[[ Source data, beginning ]]

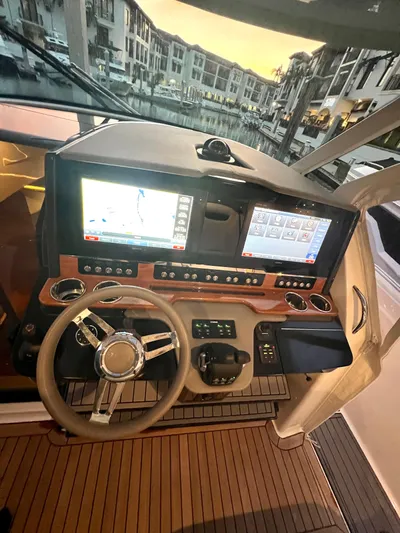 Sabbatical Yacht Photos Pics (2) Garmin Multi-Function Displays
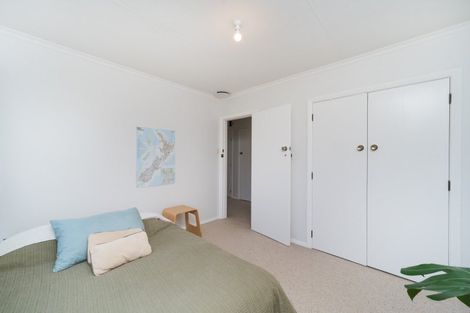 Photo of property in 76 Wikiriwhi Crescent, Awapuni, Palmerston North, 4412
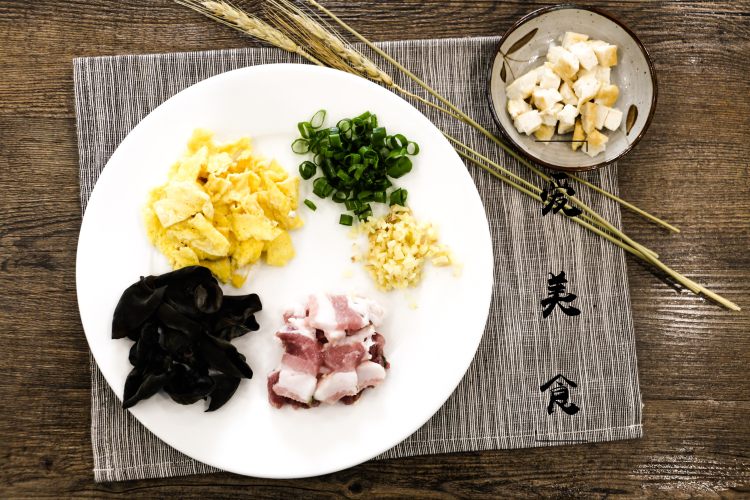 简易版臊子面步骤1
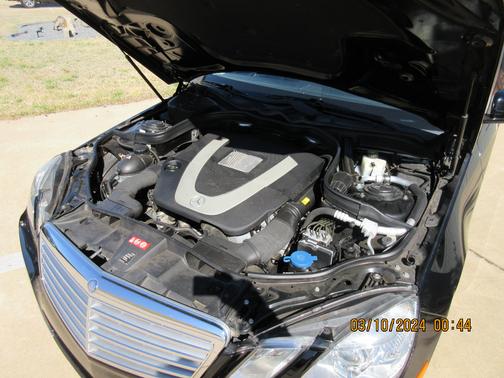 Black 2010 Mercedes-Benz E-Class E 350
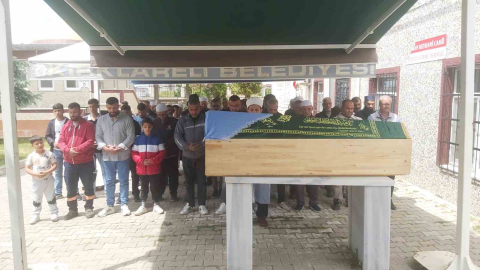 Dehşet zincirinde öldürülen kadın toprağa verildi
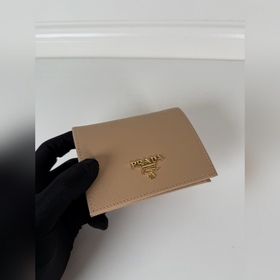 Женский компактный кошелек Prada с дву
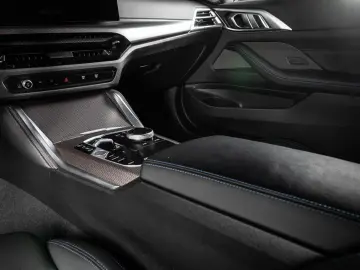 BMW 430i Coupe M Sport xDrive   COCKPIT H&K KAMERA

[[ Source data, end ]]

▸ What the task asks:
Output every line of the records above unchanged, and keep the pictures out.

▸ Result below:
 Sabbatical Yacht Photos Pics (2) Garmin Multi-Function Displays
 Photo of property in 76 Wikiriwhi Crescent, Awapuni, Palmerston North, 4412
 简易版臊子面步骤1
 Black 2010 Mercedes-Benz E-Class E 350
 Dehşet zincirinde öldürülen kadın toprağa verildi
 Женский компактный кошелек Prada с дву
 BMW 430i Coupe M Sport xDrive   COCKPIT H&K KAMERA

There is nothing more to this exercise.